## Aim of the exercise
The data below is to be transcribed word for word; pictures are to be excluded.

## Image-text web data
--- START ---

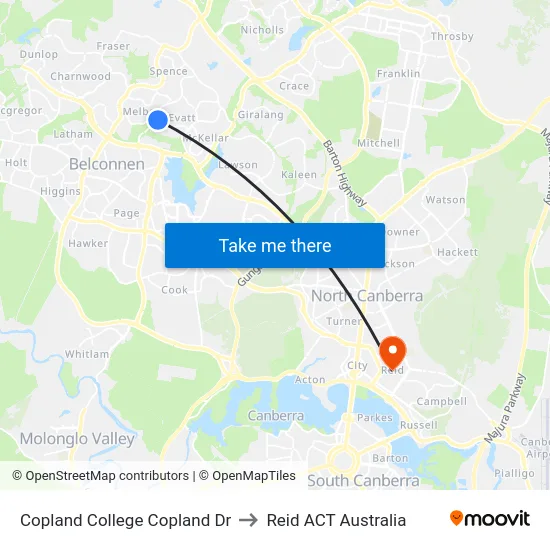 Copland College Copland Dr to Reid ACT Australia map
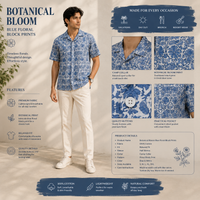 Hand Block Printed Blue & White Block Printed Cotton Shirt Cotton Block Print Shirt | Casual and Vacation Wear Shirt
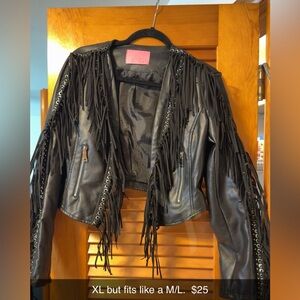 Fringe Black Leather Jacket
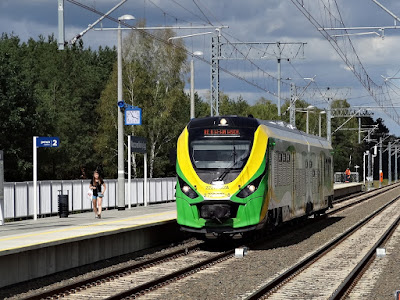 Newag 222M-001 na przystanku kolejowym Warszawa Mokry Ług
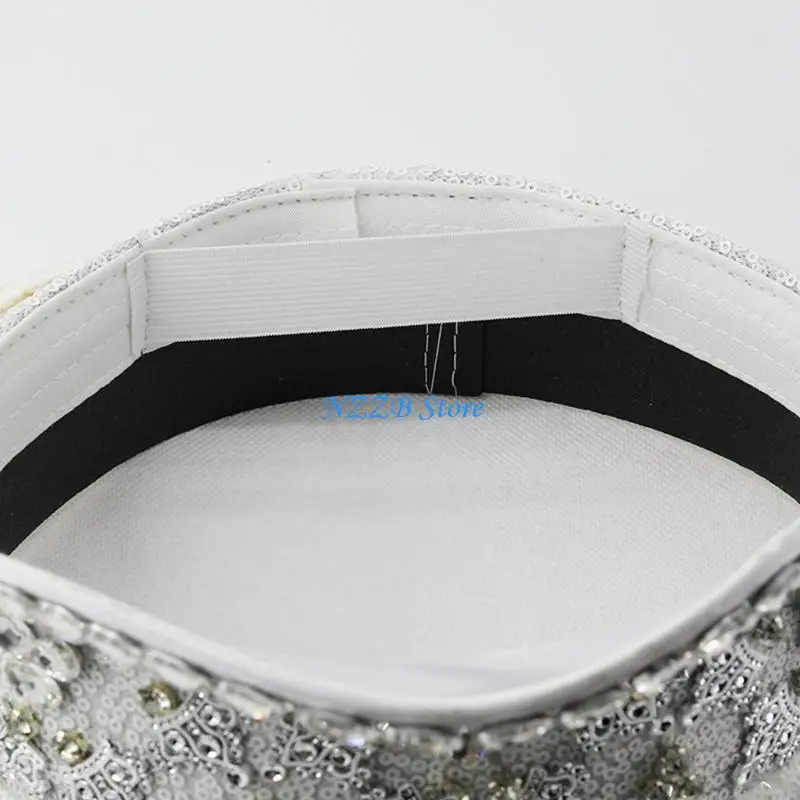 

T21F Rhinestones Crown Hat for Women Girl Birthday Party Caps Blingbling Hat Stage Performances Hat Photography Headwear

--- END ---

## Response
 Copland College Copland Dr to Reid ACT Australia map
 Hand Block Printed Blue & White Block Printed Cotton Shirt Cotton Block Print Shirt | Casual and Vacation Wear Shirt
 Fringe Black Leather Jacket
 Newag 222M-001 na przystanku kolejowym Warszawa Mokry Ług

T21F Rhinestones Crown Hat for Women Girl Birthday Party Caps Blingbling Hat Stage Performances Hat Photography Headwear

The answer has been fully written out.